Perhaps you don’t have access to a good set of real-world data. That means you’ve got to roll up your sleeves and figure out how to create something useful. This can be extraordinarily daunting, particularly if you think you’re going to need huge amounts of data.
Make no bones about it: Rolling your own data will be time consuming. You’ll need to sit down with your entire team and figure out what scenarios you want to create data for, and you need to be extremely lean and realistic about what you’re going to bite off. If your system is new, do you really need to generate a data set simulating five or ten years’ worth of data? No! You don’t even know if your system will live that long, so why try to solve that sort of problem?
Brainstorm realistic data scenarios, and ensure that you’re covering all of the system’s use cases. I once worked on a data creation effort where we initially missed several small but important use cases that had a definite impact on the overall performance. Avoid this by getting multiple team members involved in the exercise, and run back through your list of features to ensure you’re covering everything.
A great source for ensuring you’re covering all those use cases is your functional automation suite, assuming you have one. Many UI-level automation suites are organized around functional areas, so you’ve got a great starting point for your coverage. Those same functional tests are also a good starting point for actually generating or creating your data. Reconfigure your suites so they don’t delete content they’re creating, then start looping through iterations and watch your data set grow. You’ll need to do some post-processing to adjust dates across a realistic spread, but getting an 80 percent solution is better than nothing.
If you don’t have functional tests in place already, then step back and look for the easiest way to create your content. Do you have web services in place that support content creation or stored procedures in your database? Some modest effort with your developer crew will give you some one-off tools capable of building you what you need to spin up your initial data.
Keep in mind that the tools you’re building for this effort only need to be simple, lightweight scripts, batch files, or tiny programs. Moreover, you will likely end up stringing together a series of small tools to do the job for you.

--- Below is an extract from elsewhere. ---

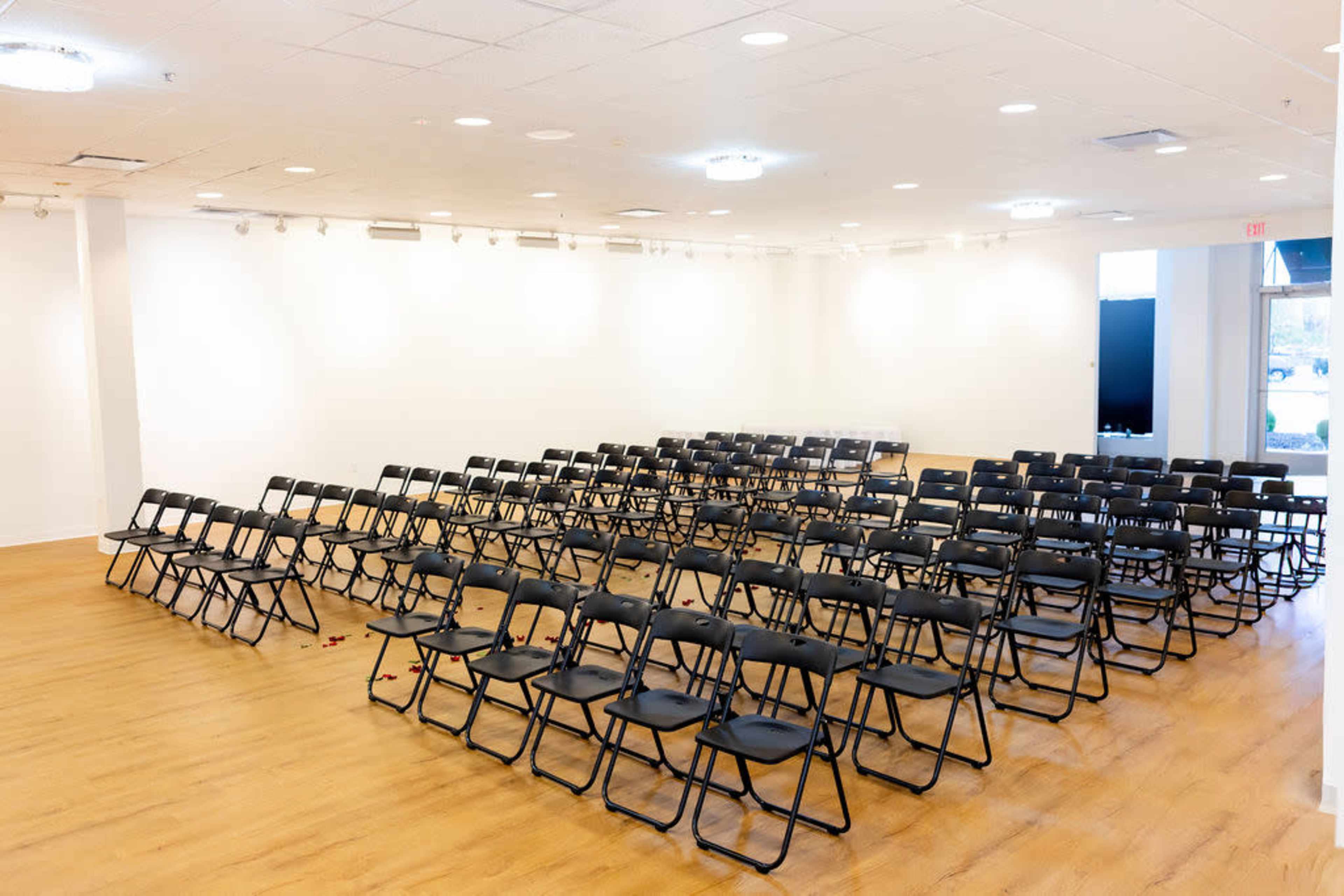 A large room features rows of black folding chairs arranged in a semi-circle facing a blank wall.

Don’t invest huge amounts of time in this. Build just enough to get you moving, nothing more.
One Data Set Isn't Enough
If your system is large or complex enough, you’ll likely want several sets of data in different sizes and shapes. For example, perhaps you’re working with a platform that offers both forums and blogs. Having separate data sets skewed heavily in both directions, plus a balanced mix, can help inform you if you’re running into performance issues in different environments.
Above, I said it’s irresponsible to test with only an empty or nearly empty data set. Note that I specifically said “only.” Actually, an empty database—or whatever your initial default data set is—can give you some interesting results about your system, and it’s tremendously easy to set up!
Mix of Use Cases
Creating a realistic load test scenario means setting up more than just three or four use cases and throwing a thousand virtual users against those scripts. You need to plan ahead and create use cases that model actual system usage as closely as possible.
For existing systems, your web server logs are a great place to get some modeling information for this kind of activity. Your logs will let you know how users are accessing your system. Your load testing tools may even be able to generate load use cases directly from these logs, which is a huge benefit!
If you’re working with a new system without any history of real-world usage, then you’re going to need to go back to your brainstorming work with your team. Think of all the various system routes through which your users might traipse, and keep in mind that many users may start not at your site’s home page but instead at other areas of your site through external sources such as links from articles or search engines.